Colleen McCullough
El caballo de César
Título original: The October Horse
Traducción: Carlos Milla
Con afecto y admiración
para el embajador Edward J. Perkins,
catedrático de Ciencias Políticas
de la Universidad de Oklahoma,
por su entrega en el cumplimiento de sus obligaciones
y en tantos servicios no debidamente reconocidos.

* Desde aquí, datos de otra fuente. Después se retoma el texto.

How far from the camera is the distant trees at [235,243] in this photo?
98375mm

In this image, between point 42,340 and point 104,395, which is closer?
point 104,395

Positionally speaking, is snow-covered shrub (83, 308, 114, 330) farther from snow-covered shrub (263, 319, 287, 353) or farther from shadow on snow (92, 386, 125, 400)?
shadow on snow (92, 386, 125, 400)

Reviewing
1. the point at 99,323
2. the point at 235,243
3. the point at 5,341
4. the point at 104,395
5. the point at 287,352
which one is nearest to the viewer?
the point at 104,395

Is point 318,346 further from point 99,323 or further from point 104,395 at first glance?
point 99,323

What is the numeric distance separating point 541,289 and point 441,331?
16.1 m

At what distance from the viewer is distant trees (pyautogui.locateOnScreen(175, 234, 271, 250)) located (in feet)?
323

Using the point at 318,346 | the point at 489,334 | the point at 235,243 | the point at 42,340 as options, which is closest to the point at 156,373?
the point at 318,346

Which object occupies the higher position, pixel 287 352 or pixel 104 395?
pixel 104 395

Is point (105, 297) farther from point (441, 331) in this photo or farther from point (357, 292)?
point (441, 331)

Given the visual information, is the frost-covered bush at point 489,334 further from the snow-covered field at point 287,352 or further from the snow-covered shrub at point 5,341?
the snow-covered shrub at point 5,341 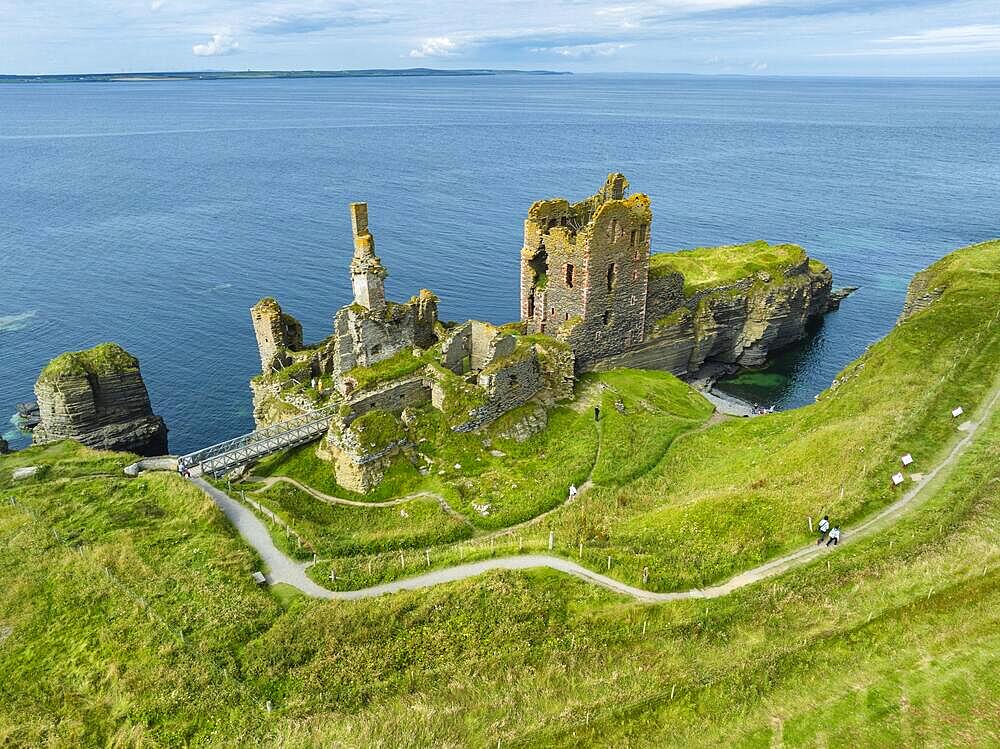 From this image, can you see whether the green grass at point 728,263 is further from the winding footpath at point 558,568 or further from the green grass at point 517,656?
the green grass at point 517,656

Los idus de octubre marcaban el final de la época de campañas, y ese día se celebraba una carrera sobre el césped del Campo de Marte, ante las Murallas Servias de la Roma republicana.
Los mejores caballos de guerra del año se enganchaban a pares a los carros y se conducían al galope; el animal del lado derecho del par ganador se convertía en el Caballo de Octubre, y el flamen Martialis, el sacerdote de Marte, dios de la guerra, lo sacrificaba ritualmente con una lanza. A continuación se cortaban la cabeza y los genitales del caballo. Los genitales se trasladaban de inmediato al hogar sagrado de la Regia, el templo más antiguo de Roma, para verter allí su sangre, y se les entregaban a las Vírgenes Vestales, quienes los incineraban en la llama sagrada de Vesta; después, esas cenizas se mezclaban con la masa de los pasteles que se ofrecían en el aniversario de la fundación de Roma por su primer rey, Rómulo. La cabeza decorada se arrojaba entre dos equipos de ciudadanos humildes, uno del barrio de Subura y el otro del barrio de Sacra Via, que pugnaban denodadamente por su posesión. Si vencían los de Subura, la cabeza se clavaba en la Torre Mamilia; si ganaban los de Sacra Via, la cabeza se clavaba en el muro exterior de la Regia.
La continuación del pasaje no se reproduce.